A walk-on pressed into duty when another quarterback, Tristan Gebbia, transferred to Oregon State just before Frost’s first year, Bunch didn’t bomb, exactly, but he threw two costly interceptions and made only a small dent in Troy’s D.
“I never felt overwhelmed — I was excited to play,” Bunch said that day. “Sometimes things seemed like they were going my way, and other times I may have made some decisions I wish I could take back.”
The players around Bunch, Frost said that day in September 2018, didn’t raise their games to the next level.
“We needed the Blackshirts and the Pipeline to win this game today — rally and win it — and special teams,” Frost said.

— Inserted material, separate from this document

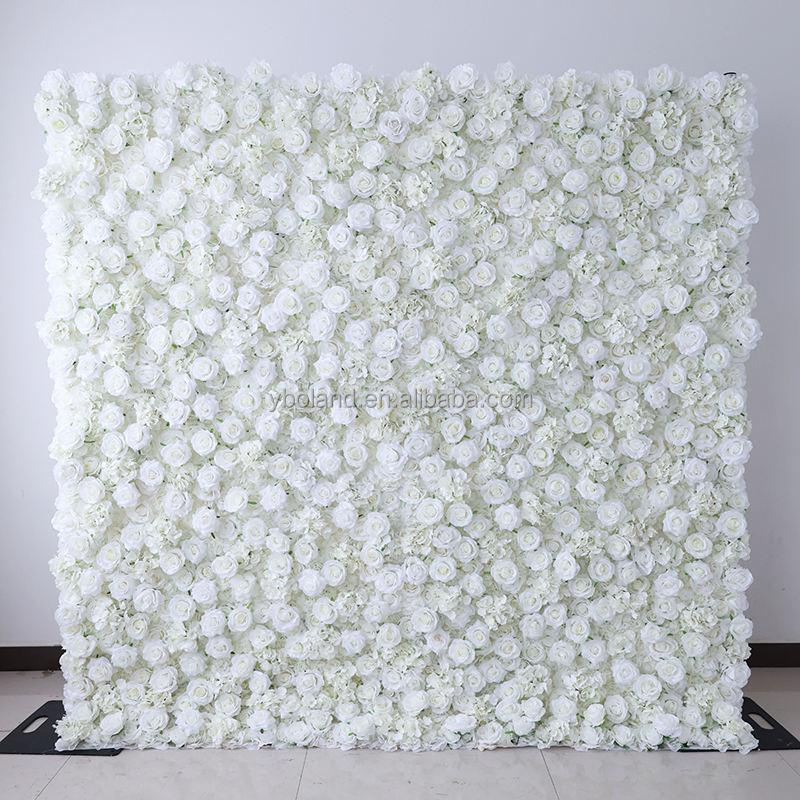 wedding backdrop artificial flower set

Sounds like a recipe 3-8 Nebraska wants to find for Friday’s game against Iowa, which will face another redshirt freshman quarterback. Instead of Bunch, it’s Logan Smothers, who’s thrown all of 11 career passes and had very little collegiate action when a game was still in doubt. Frost has praised Smothers’ quick decision-making and athleticism since he arrived in January 2020 from Muscle Shoals, Alabama.
“He’s really sharp,” Frost said Monday. “He’s not the fresh-faced kid that’s going to get surprised by a bunch of things or pressures or different looks. He is really smart and knows our offense and can operate it. We’ll give him the ball and let him try to do it.”
It’ll be the sixth time, since Martinez arrived, that NU started a quarterback other than No. 2. The previous five starts — one win, four losses — featured a mixture of success and struggle.
Bunch provided zero run threat and tossed two picks against Troy, which brought more defenders into the box and dared Nebraska’s receivers to win on deep routes. Seeing that, Frost said he wanted to “ugly it up,” run clock and grind out a win. Bunch, when asked that day of NU’s game plan, looked down and paused for two seconds.
“I don’t know if it was conservative, I think Coach Frost was just attacking what he thought might have been the weakest part of the defense at the time,” Bunch said.
In 2019, after Martinez hurt his knee on a pass play against Northwestern, Noah Vedral started in losses to Minnesota and Indiana. The Huskers sputtered against the Gophers — Vedral was the leading rusher with 49 yards — and against Indiana, Vedral and third-stringer Luke McCaffrey’s dazzling play wasn’t enough to offset a poor performance by the defense.
Frost benched Martinez in 2020 for two games. McCaffrey started both, and with the help of its red zone defense, NU beat Penn State 30-23 before a team-wide collapse in a 41-23 loss to Illinois.
Martinez started the next 15 games, the second-longest uninterrupted start streak of his career. It ends Friday.
Can an offensive line/defense/special teams formula work for the Huskers? Iowa (9-2) would appear to be stronger in all three categories. Hawkeye center Tyler Linderbaum is an Outland Trophy finalist. Iowa’s defense ranks fourth nationally with 26 takeaways and has four defensive touchdowns. And its special teams have been elite for years, and are especially so in 2021, as Iowa leads the Big Ten in kickoff return yards (704) and ranks second in punt return yards (290) and second in most punts (32) downed inside the 20.
Even with the Big Ten’s lowest-wattage offense, Iowa wins the field position chess match.
“Playing a complete and clean game matters,” Frost said. “I compliment (the Hawkeyes) all the time, but they don’t beat themselves. They create turnovers and play well on special teams. I think they do a good job in all three phases ... you’ve got to beat them. They aren’t going to lose the game.”